The ALPHV/BlackCat ransomware group gained access to Change Healthcare's systems through compromised credentials on a Citrix remote access portal that lacked multi-factor authentication. Once inside, they exfiltrated data for nine days before deploying ransomware.

A Citrix portal. Without MFA. Processing 15 billion healthcare transactions per year.
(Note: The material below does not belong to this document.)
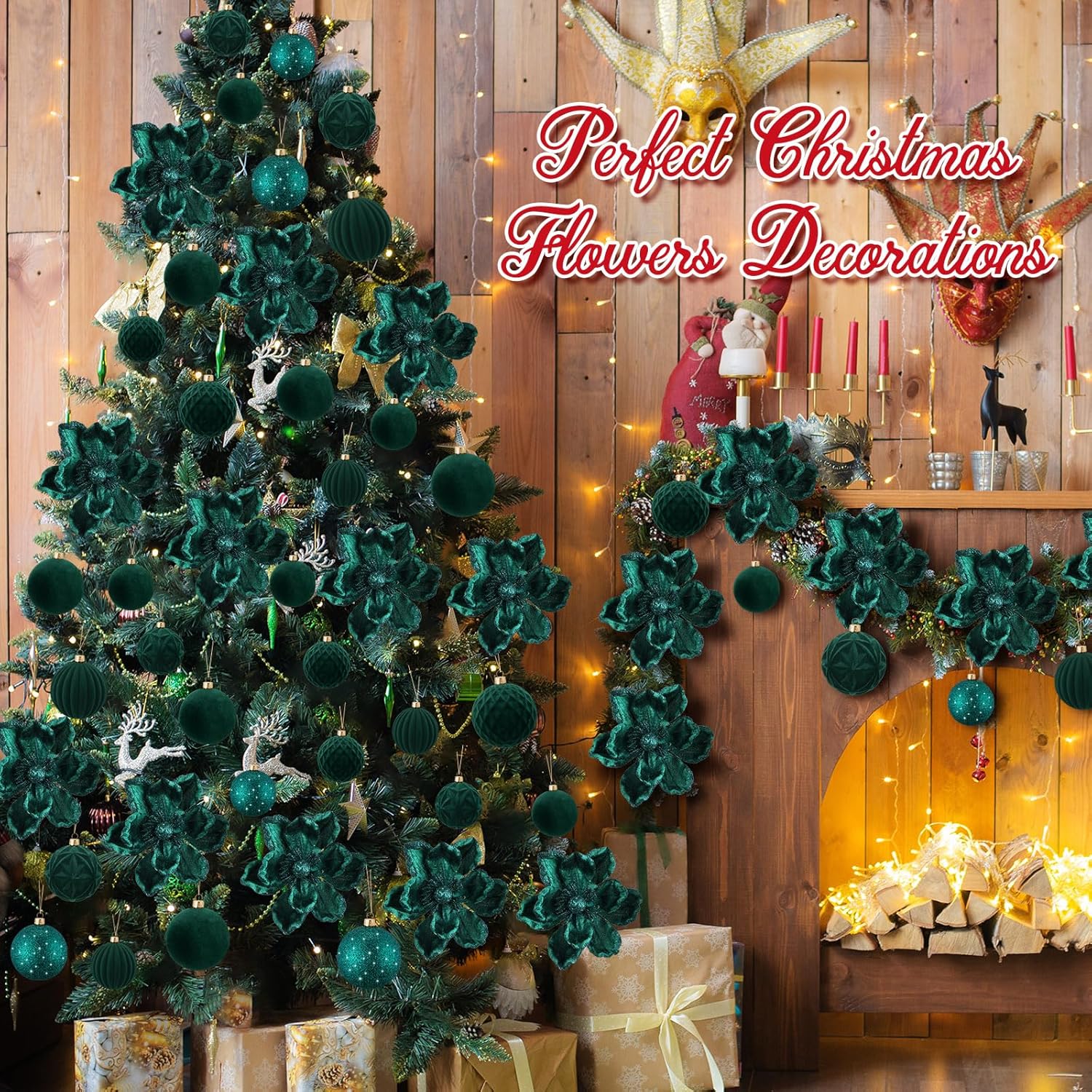 48 Pcs Christmas Tree Decoration Set 12 Glitter Poinsettia Magnolia Artificial Flower Picks 36 Velvet Christmas Ball Ornaments Hanging Decor Shatterproof For Xmas New Year Wedding Party Holiday(Green)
Eight years of this blog. Eight years of saying "enable MFA." The largest healthcare breach in history was caused by its absence on a single access point.

Impact on Practices

Claims Processing

Practices that rely on Change Healthcare for claims submission and payment processing have been unable to bill insurance companies. Cash flow disruptions have been severe, particularly for small practices with limited reserves.

Prescription Processing

Pharmacies using Change Healthcare's systems couldn't verify insurance coverage or process claims, leading to delays in patient prescriptions.

Data Exposure

The stolen data potentially includes: patient names, addresses, dates of birth, SSNs, insurance information, clinical data, and billing records. If your practice submitted claims through Change Healthcare, your patients' data may be affected.

What to Do

  1. Assess your exposure. Does your practice use Change Healthcare directly or through a clearinghouse? Contact your billing service to determine your exposure.
  2. Monitor for notification. UnitedHealth Group is required to notify affected individuals. Monitor their website and communications for updates.
  3. Prepare for patient questions. Patients will ask whether their data was compromised. Have a response ready that's honest about what you know and don't know.
  4. Diversify your clearinghouse. Single points of failure in your revenue cycle are business risks. Consider using multiple clearinghouses.
  5. Review your own access controls. If Change Healthcare can be breached through a Citrix portal without MFA, audit your own remote access for the same vulnerability.

One missing MFA configuration. 100 million patients affected. There is no stronger argument for the fundamentals.